Il en va de même pour l'accusé.  La déclaration qu'il a apportée selon laquelle il s'agissait d'une œuvre de fiction ne peut en soi exempter le défendeur de toute responsabilité quant à la possibilité d'identifier des personnages du livre avec des personnages réels.

  1. C'est donc le principal différend qui est sur le point d'être tranché. Le litige porte sur la possibilité d'identifier le demandeur comme un personnage du livre et la possibilité que cette identification établisse l'existence de torts pour lesquels une compensation peut être accordée.  Un litige qui sera tranché par l'application de tests objectifs, où l'intention subjective du défendeur (intention malveillante selon le demandeur) n'aura de poids que dans l'examen du dommage réclamé.
  2. Il convient de noter que je n'ai trouvé aucun fondement dans les arguments avancés par le défendeur comme arguments préliminaires.

Le défendeur a affirmé l'existence d'une action judiciaire basée sur l'enquête de la réclamation précédente, mais cela s'est terminé par un compromis et aucun argument n'a été soulevé selon lequel les questions relevant de cette réclamation avaient été abordées dans son cadre.  Le défendeur n'a fait aucune tentative de présenter une décision qui pourrait prétendument établir l'existence d'une action judiciaire, ni n'a affirmé que la question du livre ait même été abordée dans la poursuite précédente.
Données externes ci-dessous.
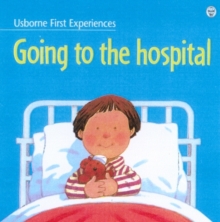 Image for Going to the hospital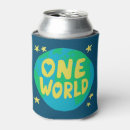 Search for world peace Planet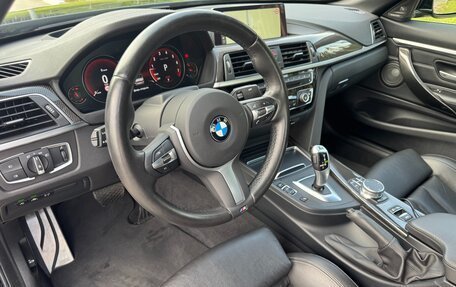 BMW 4 серия, 2018 год, 5 300 000 рублей, 22 фотография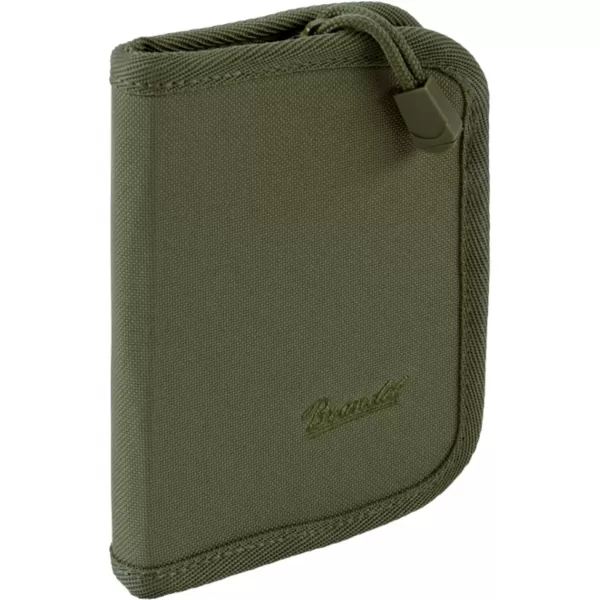  Penová brandit BD8043 Olive 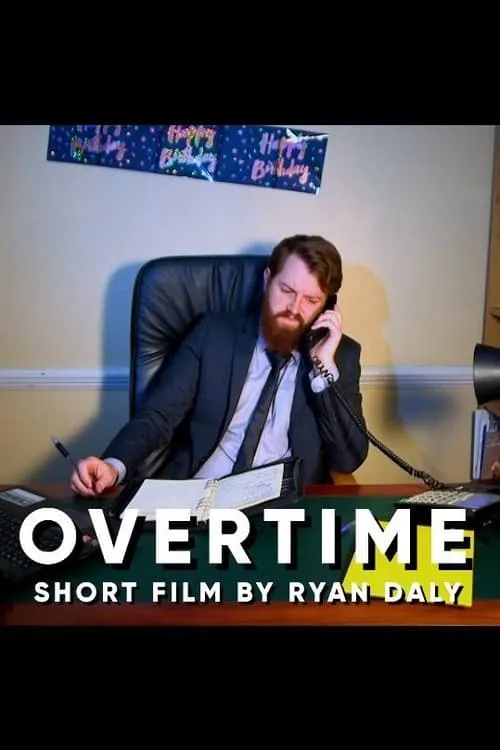 Overtime (фильм)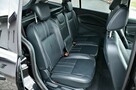 Ford Grand C-MAX 1,6 125KM Titanium Skóry Navi 7-foteli Niemcy - 15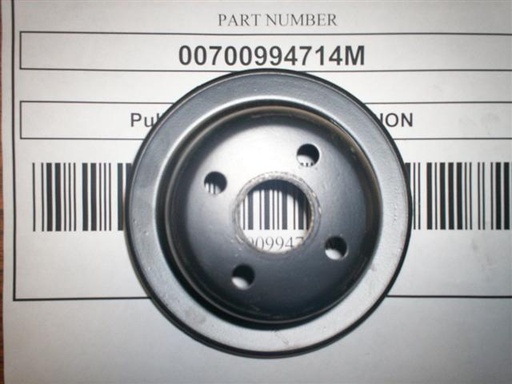 00700994714M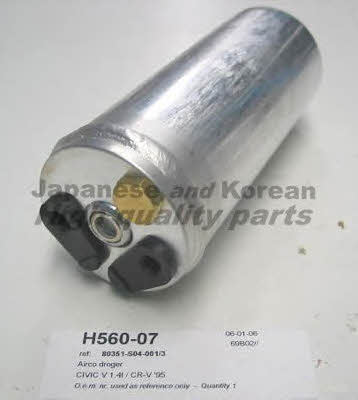 Ashuki H560-07 Dryer, air conditioner H56007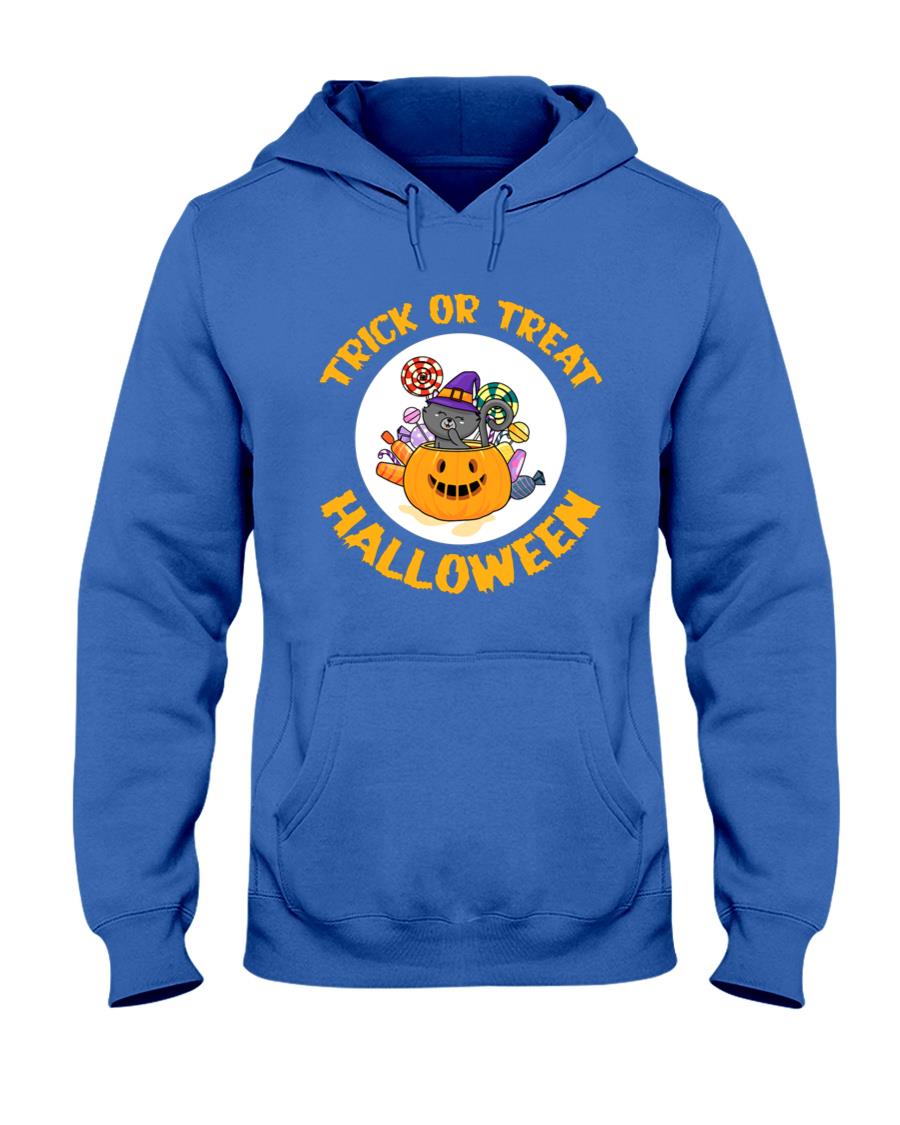 Trick Or Treat Halloween Essential  Style 1 T-Shirt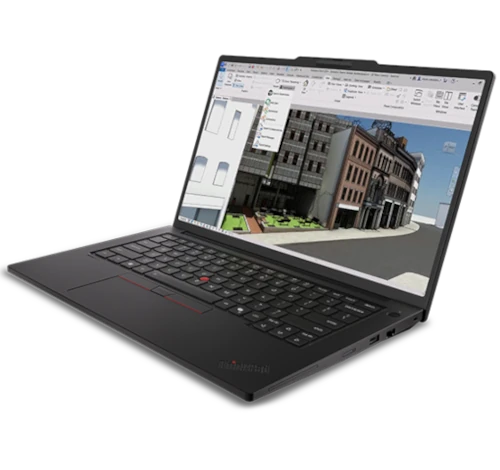 Lenovo ThinkPad P14s Gen 7 Intel Core Ultra 9 Series 3 laptop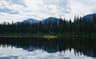 Bowron Lakes Canoe Circuit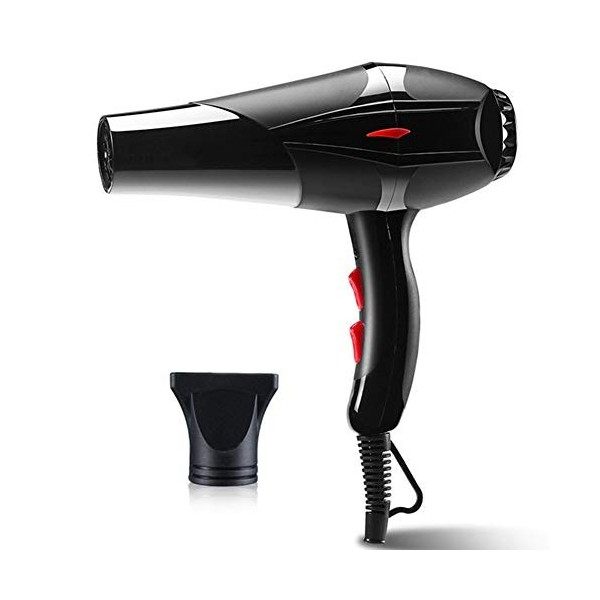 Yqfb Professionnel 3200 W Puissant Sèche-Cheveux Salon De Coiffure Outil Sèche-Cheveux Sèche-Cheveux Sèche-Cheveux Ventilateu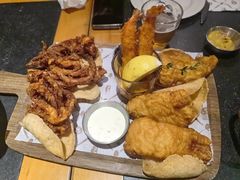 -宝莱纳餐厅(滨江店)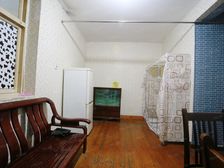 灯芯巷 新上 大双阳台 得房率高 小区中间位置 视线好随时看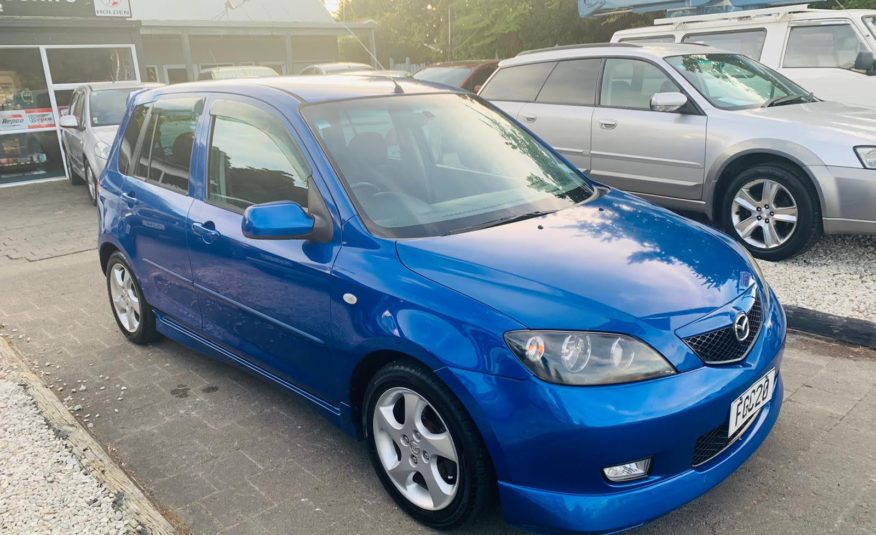 Mazda Demio 2002 Manual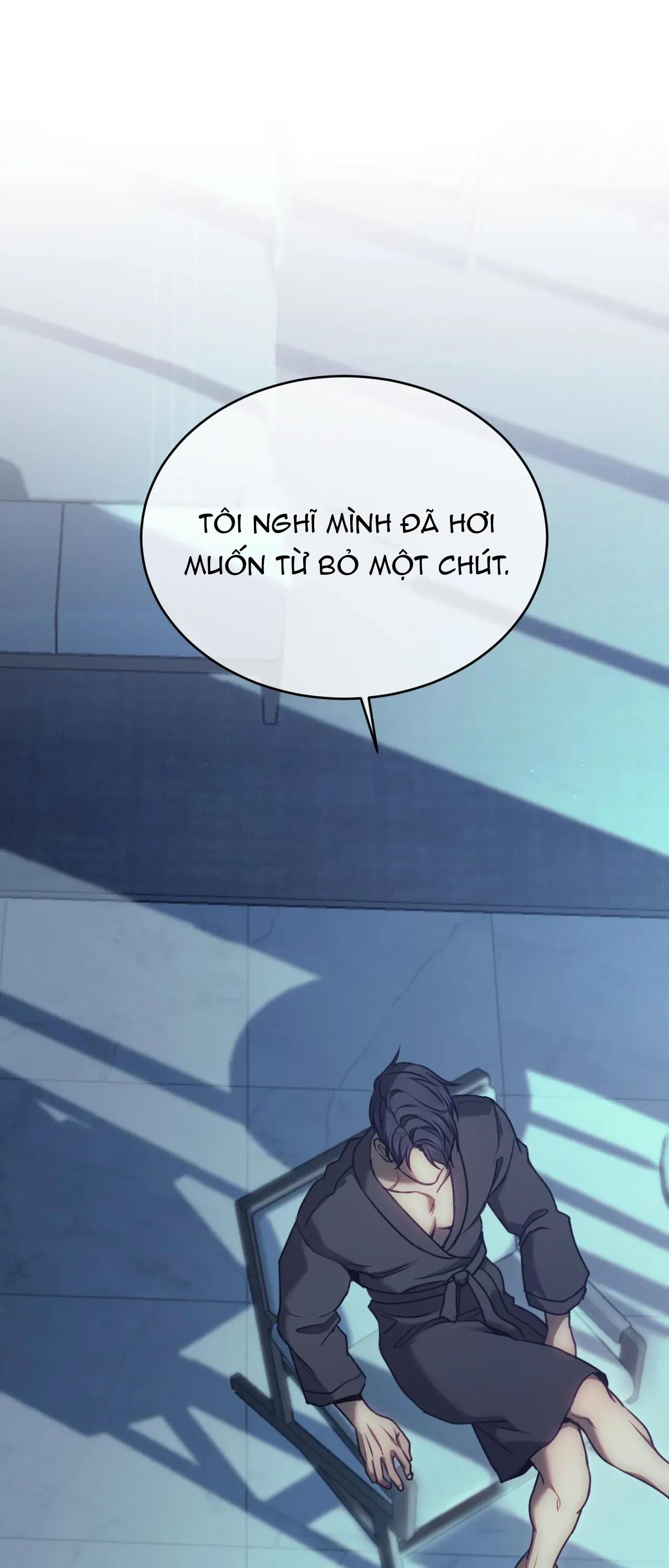 Đọc truyện Công Cuộc Báo Thù Của Kẻ Yếu Thế - Chapter 83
Le défendeur a également invoqué un délai de prescription, mais cette réclamation est restée entourée de mystère.  En effet, le défendeur a commencé à publier le livre en 2015 et plus de 7 ans avant le dépôt de cette poursuite (le 22 décembre 2022), cependant, nous ne traitons pas de publications réalisées en 2015 et tombées dans l'oubli, mais plutôt de plusieurs chapitres également publiés en 2016 et qui sont encore publiés à proximité du dépôt de la poursuite.  Le défendeur, qui n'a pas déposé de requête distincte pour rejeter la poursuite in limine sur cette réclamation, n'a pas affirmé que les chapitres du livre et les publications qui y sont impliqués avaient été retirés.  Le défendeur n'a pas non plus affirmé que l'information sur le livre n'avait plus été distribuée par lui ni qu'il s'agissait d'une publication unique qui était et n'est plus une publication unique.  Le demandeur a en outre affirmé que, même près du dépôt de la plainte et dans le contexte de la guerre russo-ukrainienne, le défendeur avait demandé à promouvoir le livre (par exemple, paragraphe 48 de la déclaration de la demande), et le défendeur n'a pas pu trouver de référence à ce sujet.